To model pH dependent scales correctly, it is necessary to integrate PVT calculations with the aqueous phase thermodynamic mineral scaling calculations. This has been extensively discussed in previous publications by the authors. For this work, a commercial integrated PVT and scale prediction software package was used to determine the scale prediction profile from reservoir to the first stage of topside separation. In addition, to investigate the impact of PVT on the final results, a second PVT software employing a different equation of state (EOS) is used and the results obtained from this calculations are coupled with the same aqueous phase model using the Heriot-Watt scale prediction workflow.
The well selected for this study shows productivity issues as well as signs of presence of calcium carbonate scale. However, scale prediction calculations carried out in the past did not show any potential for carbonate scale formation at the given conditions. After rigorously accounting for variations in water cut over time, as well as for increased H2S due to reservoir souring, our work clearly shows a correlation between a gradual loss of well productivity and carbonate scaling potential.

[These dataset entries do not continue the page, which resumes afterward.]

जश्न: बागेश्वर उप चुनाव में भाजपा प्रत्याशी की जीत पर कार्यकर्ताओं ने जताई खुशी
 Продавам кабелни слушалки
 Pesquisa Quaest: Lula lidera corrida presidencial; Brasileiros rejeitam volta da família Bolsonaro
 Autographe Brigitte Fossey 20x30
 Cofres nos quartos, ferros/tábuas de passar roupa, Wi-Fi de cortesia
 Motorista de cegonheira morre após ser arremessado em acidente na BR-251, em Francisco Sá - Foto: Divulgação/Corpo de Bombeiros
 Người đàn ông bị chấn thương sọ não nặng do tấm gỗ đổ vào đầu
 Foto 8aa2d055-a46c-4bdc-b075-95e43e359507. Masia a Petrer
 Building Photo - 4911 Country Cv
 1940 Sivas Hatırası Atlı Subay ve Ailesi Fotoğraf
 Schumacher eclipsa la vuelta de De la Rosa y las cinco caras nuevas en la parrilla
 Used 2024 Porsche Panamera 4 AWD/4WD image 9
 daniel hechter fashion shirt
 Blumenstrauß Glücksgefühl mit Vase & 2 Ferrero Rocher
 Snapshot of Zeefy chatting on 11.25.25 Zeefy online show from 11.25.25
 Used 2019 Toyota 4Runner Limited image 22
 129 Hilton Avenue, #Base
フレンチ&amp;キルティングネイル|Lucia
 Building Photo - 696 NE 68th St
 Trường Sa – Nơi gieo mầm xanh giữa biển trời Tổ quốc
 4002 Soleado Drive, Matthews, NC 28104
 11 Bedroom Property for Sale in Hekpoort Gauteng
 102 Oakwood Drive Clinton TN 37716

This work clearly demonstrates the impact of H2S on calcium carbonate scaling potential and highlights the importance of correctly modelling CO2 and H2S partitioning in gas/oil/water at the different stages of production, from reservoir to topside separation. Following this study, it has also been possible to offer specific well treatment and testing recommendations to verify the results and try to obtain improvements in production efficiency.
Moreover, the application of our approach to a real field scenario shows how some field findings associated with carbonate scale problems can be explained only by correctly modelling the full three phase system (oil, gas and water). Some aspects of this approach are frequently overlooked and not linked correctly to carbonate scale formation.